1. Ethics is concerned with the _ideal_ of life. By an ideal we mean a better state of being than has been actually realised. We are confessedly not as we should be, and there floats before the minds of men a vision of some higher condition of life and society than that which exists. Life divorced from an ideal is ethically valueless. Some conception of the supreme good is the imperative demand and moral necessity of man's being.

Hence the chief business of Ethics is to answer the question: What is the supreme good? For what should a man live? What, in short, is the ideal of life? In this respect Ethics as a science is distinguished from the physical sciences. They explain facts and trace sequences, but they do not form ideals or endeavour to move the will in the direction of them.

2. Ethics again is concerned with a _norm_ of life, and in this sense it is frequently styled a normative science.

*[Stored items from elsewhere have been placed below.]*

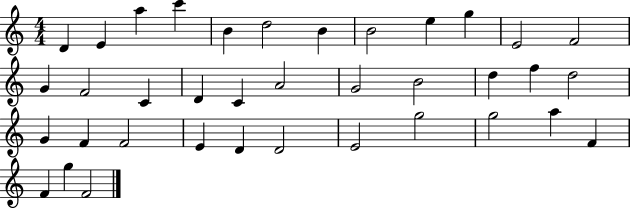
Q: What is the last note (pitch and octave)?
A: F4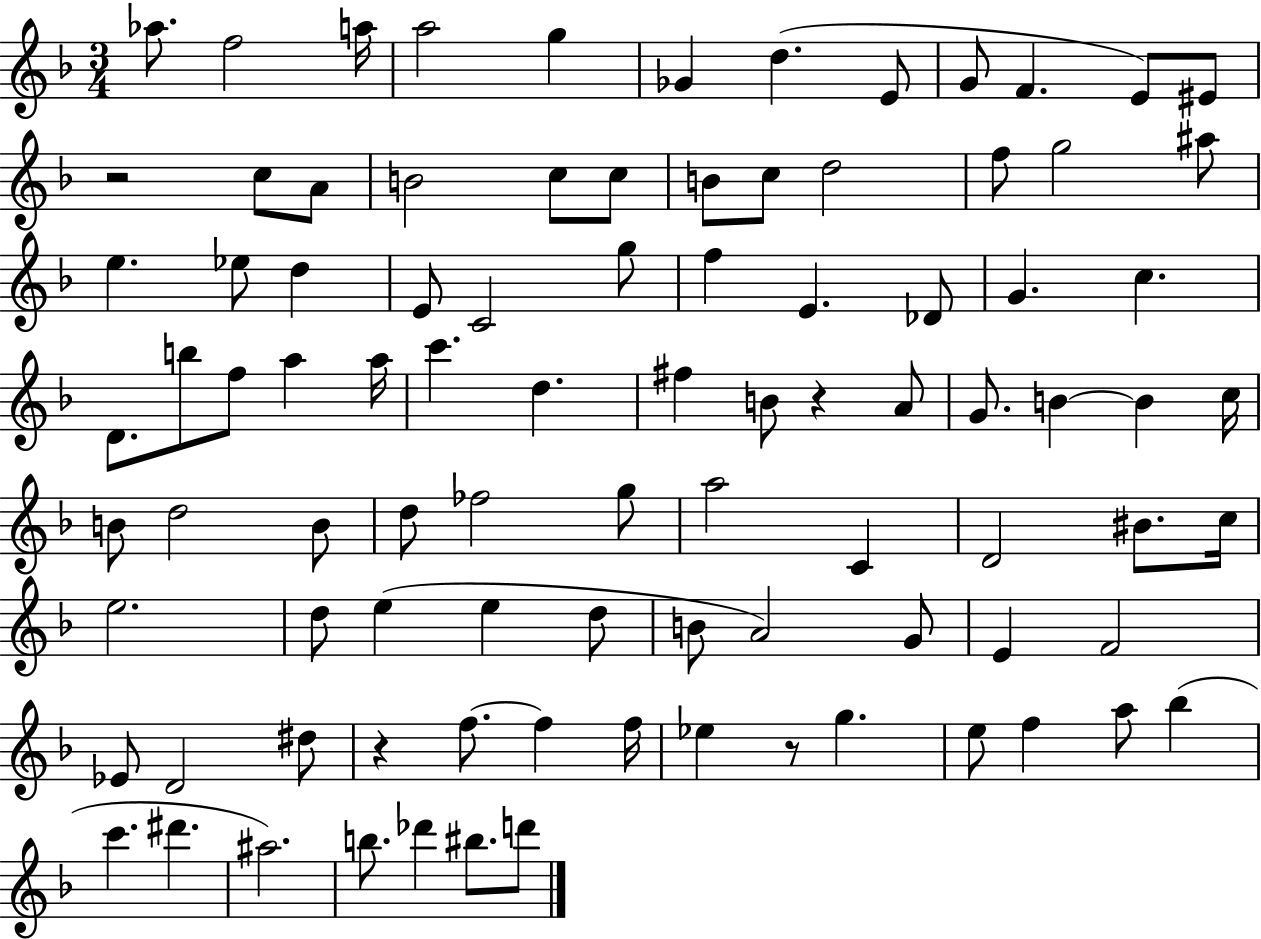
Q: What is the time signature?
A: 3/4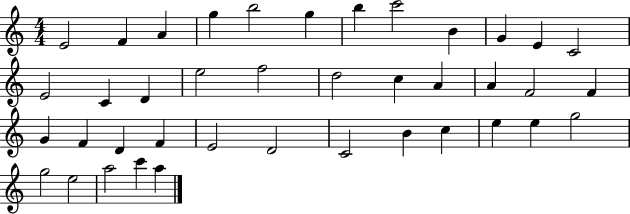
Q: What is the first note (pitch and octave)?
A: E4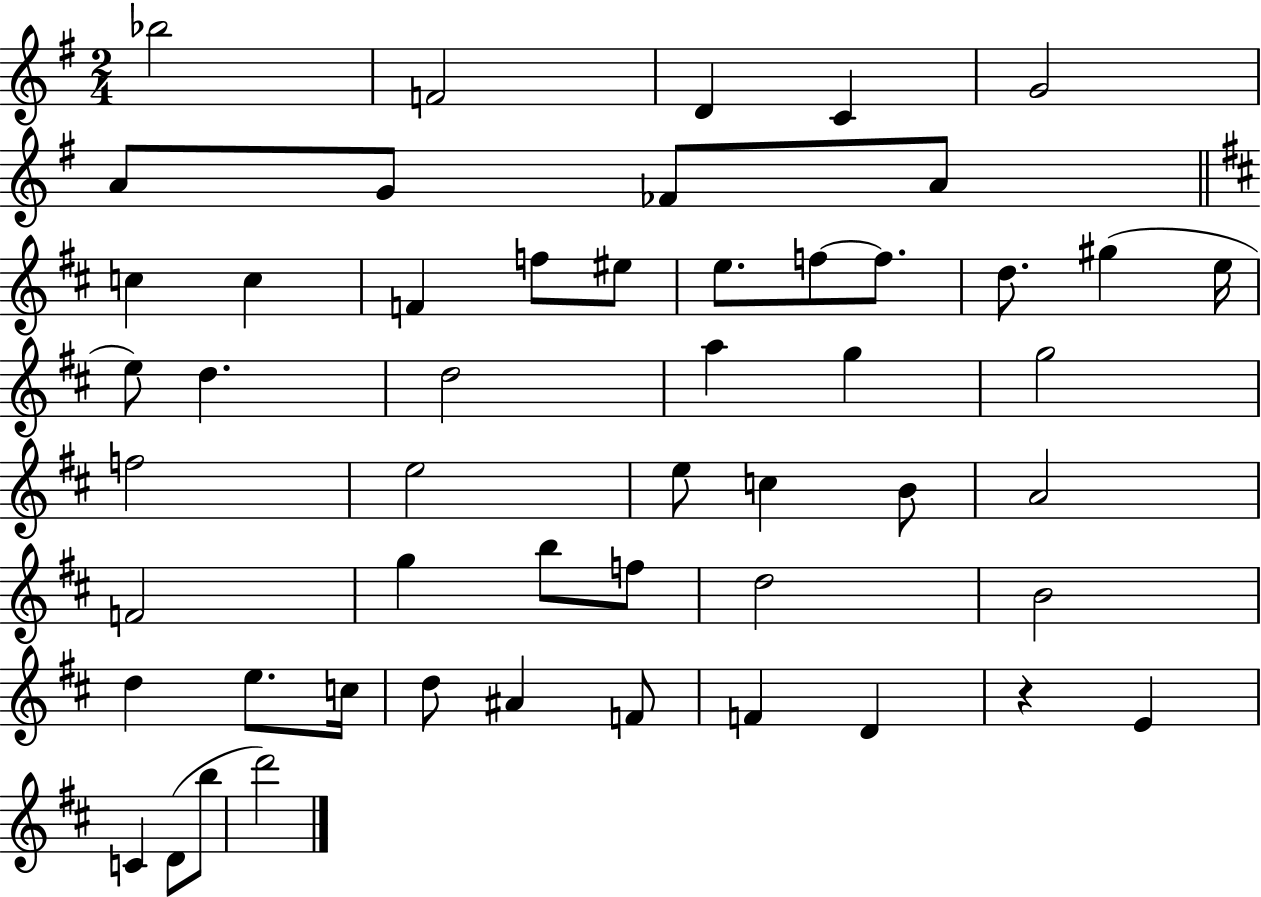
Bb5/h F4/h D4/q C4/q G4/h A4/e G4/e FES4/e A4/e C5/q C5/q F4/q F5/e EIS5/e E5/e. F5/e F5/e. D5/e. G#5/q E5/s E5/e D5/q. D5/h A5/q G5/q G5/h F5/h E5/h E5/e C5/q B4/e A4/h F4/h G5/q B5/e F5/e D5/h B4/h D5/q E5/e. C5/s D5/e A#4/q F4/e F4/q D4/q R/q E4/q C4/q D4/e B5/e D6/h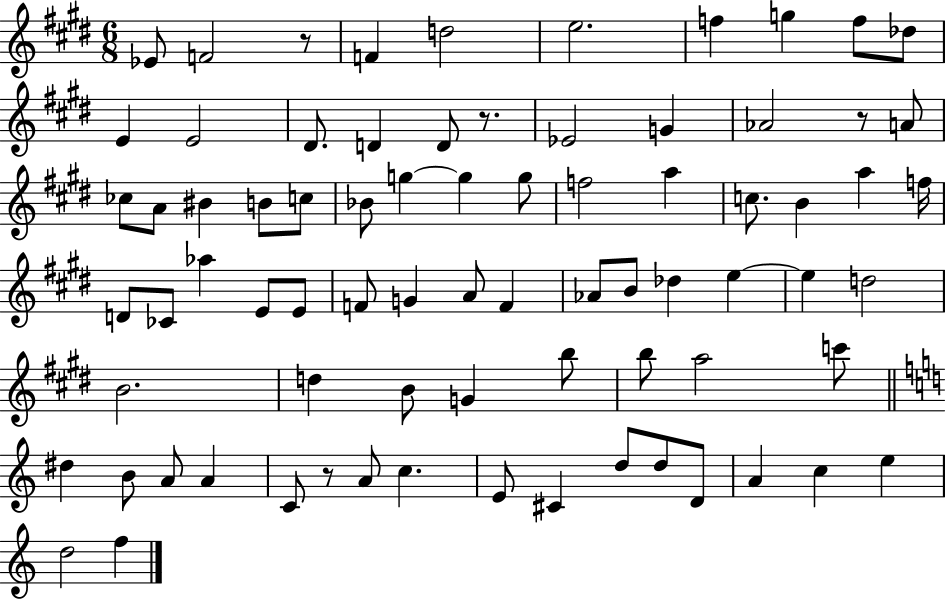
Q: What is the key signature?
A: E major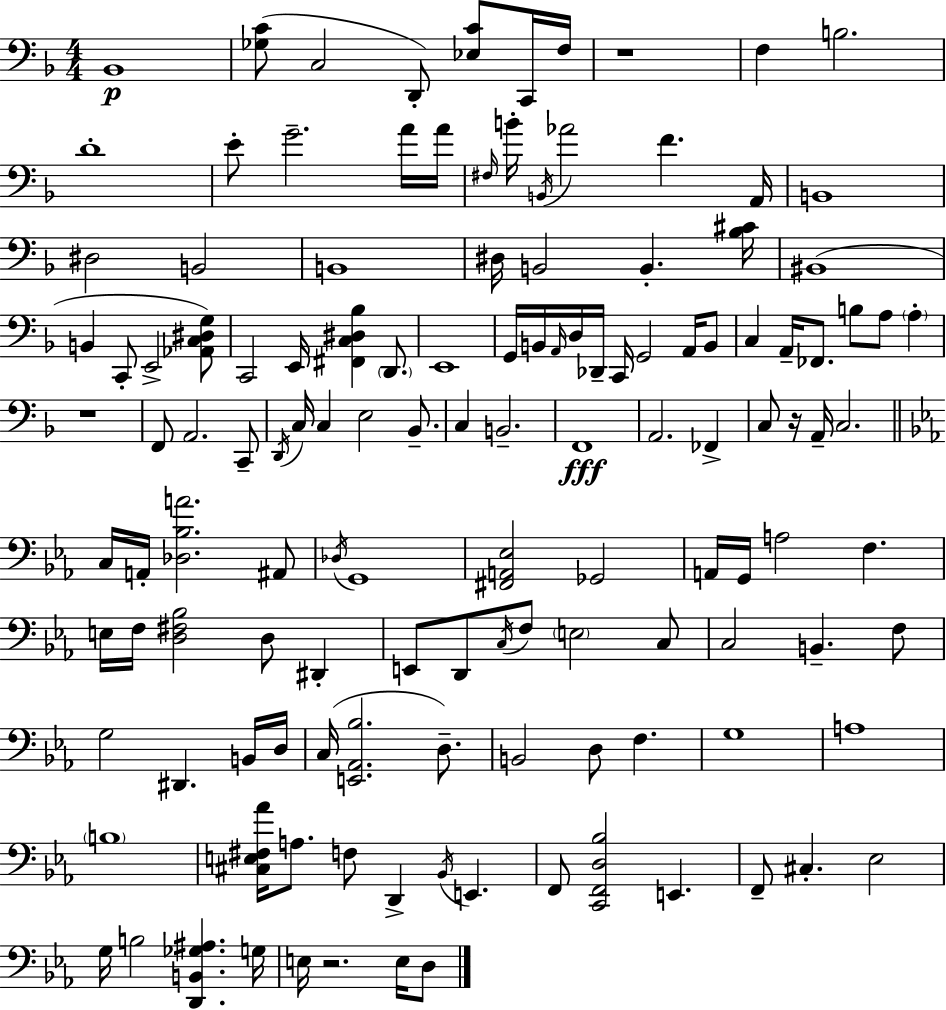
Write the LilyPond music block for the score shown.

{
  \clef bass
  \numericTimeSignature
  \time 4/4
  \key d \minor
  bes,1\p | <ges c'>8( c2 d,8-.) <ees c'>8 c,16 f16 | r1 | f4 b2. | \break d'1-. | e'8-. g'2.-- a'16 a'16 | \grace { fis16 } b'16-. \acciaccatura { b,16 } aes'2 f'4. | a,16 b,1 | \break dis2 b,2 | b,1 | dis16 b,2 b,4.-. | <bes cis'>16 bis,1( | \break b,4 c,8-. e,2-> | <aes, c dis g>8) c,2 e,16 <fis, c dis bes>4 \parenthesize d,8. | e,1 | g,16 b,16 \grace { a,16 } d16 des,16-- c,16 g,2 | \break a,16 b,8 c4 a,16-- fes,8. b8 a8 \parenthesize a4-. | r1 | f,8 a,2. | c,8-- \acciaccatura { d,16 } c16 c4 e2 | \break bes,8.-- c4 b,2.-- | f,1\fff | a,2. | fes,4-> c8 r16 a,16-- c2. | \break \bar "||" \break \key ees \major c16 a,16-. <des bes a'>2. ais,8 | \acciaccatura { des16 } g,1 | <fis, a, ees>2 ges,2 | a,16 g,16 a2 f4. | \break e16 f16 <d fis bes>2 d8 dis,4-. | e,8 d,8 \acciaccatura { c16 } f8 \parenthesize e2 | c8 c2 b,4.-- | f8 g2 dis,4. | \break b,16 d16 c16( <e, aes, bes>2. d8.--) | b,2 d8 f4. | g1 | a1 | \break \parenthesize b1 | <cis e fis aes'>16 a8. f8 d,4-> \acciaccatura { bes,16 } e,4. | f,8 <c, f, d bes>2 e,4. | f,8-- cis4.-. ees2 | \break g16 b2 <d, b, ges ais>4. | g16 e16 r2. | e16 d8 \bar "|."
}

That is to say, it is a science which prescribes rules or maxims according to which life is to be regulated. This is sometimes expressed by saying that Ethics treats of what _ought to be_.
The ideal must not be one which simply floats in the air. It must be an ideal which is possible, and, therefore, as such, obligatory. It is useless to feel the worth of a certain idea, or even to speak of the desirability of it, if we do not feel also that it ought to be realised.

Moral judgments imply an 'ought,' and that 'ought' implies a norm or standard, in the light of which, as a criterion, all obligation must be tested, and according to which all conduct must be regulated.

3. Ethics, once more, is concerned with the _will_. It is based specifically on the fact that man is not only an intellectual being (capable of knowing) and a sensitive being (possessed of feeling) but also a volitional being; that is, a being endowed with self-determining activity. It implies that man is responsible for his intentions, dispositions and actions.

The idea of a supreme ideal at which he is to aim and a norm or standard of conduct according to which he ought to regulate his life, would have no meaning if we did not presuppose the power of self-determination.
Whatever is not willed has no moral value. Where there is no freedom of choice, we cannot speak of an action as either good or evil.
When we praise or blame a man's conduct we do so under the assumption that his action is voluntary. In all moral action purpose is implied. This is the meaning of the well-known dictum of Kant, 'There is nothing in the world . . . that can be called good without qualification except a good will.

A good will is good, not because of what it performs or effects, not by its aptness for the attainment of some proposed end, but simply by virtue of the volition.' It is the inner aim, the good will which alone gives moral worth to any endeavour. It is not what I do but the reason why I do it which is chiefly of ethical value. The essence of virtue resides in the will, not in the achievement; in the intention or motive, not in the result.